The top-drawer cast included silky bass Tareq Nazmi and the polish of Ann Hallenberg and Claire Barnett-Jones, representing, respectively, the brighter and deeper hues within the mezzo-soprano spectrum. Bass Kurt Rydl as Mephistopheles cleverly balanced out his now diminished vocal reserves with a forceful declamatory presence. The impish National Kinderkoor as his minions reinforced his satanic authority. Soprano Louise Alder distinguished herself in her mellifluous, eloquent solo as the allegorical figure Distress. Why don't we hear Gretchen’s anguished prayer to Our Lady of Sorrows more often in soprano recitals? Christiane Karg, with her pure, lambent singing, demonstrated how deeply moving it is.
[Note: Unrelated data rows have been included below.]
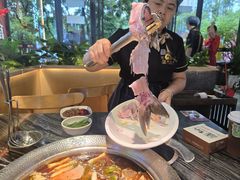 -老船舫·现做活鲜鱼馆(东郊记忆店)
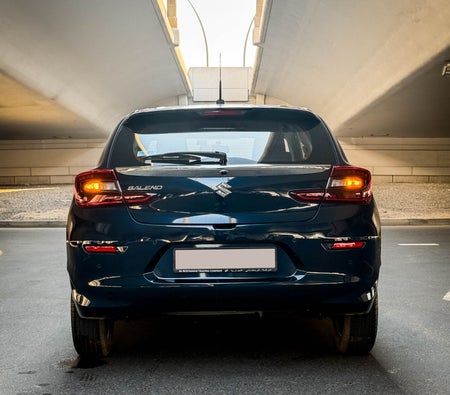Suzuki Baleno 2025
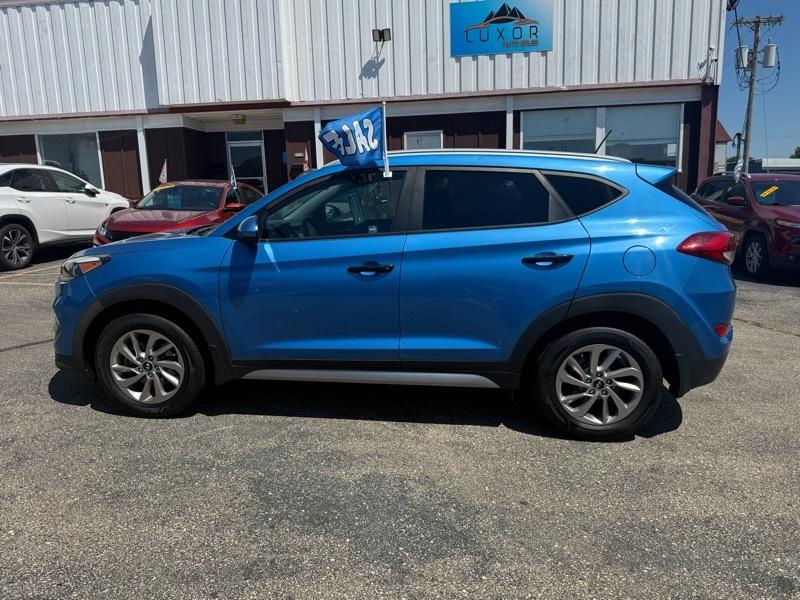 Hyundai Tucson SE 2017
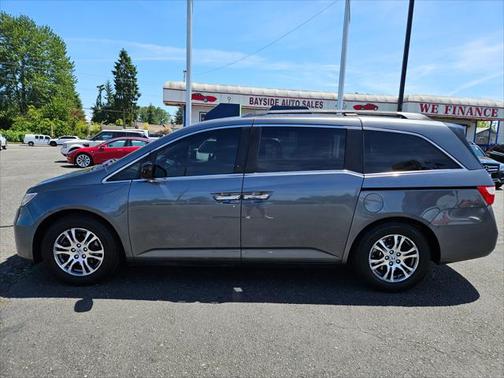 2012 Honda Odyssey EX-L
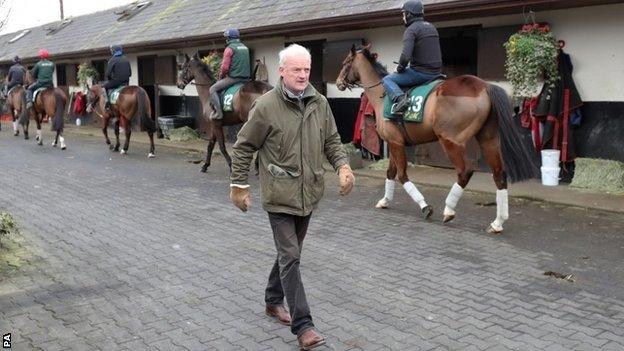 Willie Mullins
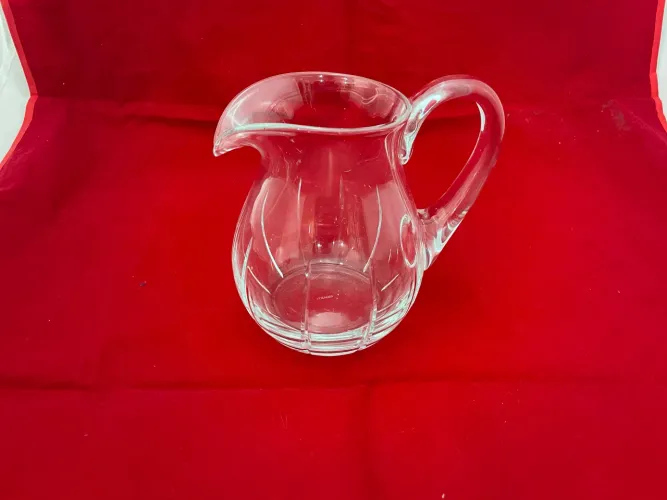Jarra Straus cristal 1,8L seminova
Merged into one synchronised ensemble, the Netherlands Chamber Choir and the Laurens Collegium Rotterdam brought an opulent sheen to Schumann’s magnificent choral writing, from the blood-curdling requiem in the Gothic horror of the cathedral scene to the celestial choruses that redeem Faust’s soul. It always feels like a small miracle to hear a large choir articulate words crisply without sacrificing beauty of sound. “Who e'er aspiring, struggles on, for him there is salvation”, sings the choir of angels at a crucial moment in the finale. Gerhaher, utilising all the registers of his tensile baritone and an astonishing expressive palette, captured both the torment and the rapture of this ceaseless striving. He pierced through the complexity of the metaphysical text with emotional immediacy, making you feel as if you understood it fully. That would be an improbable claim for anyone who isn’t a Goethe scholar, but great artists can reveal to our hearts what our minds cannot grasp.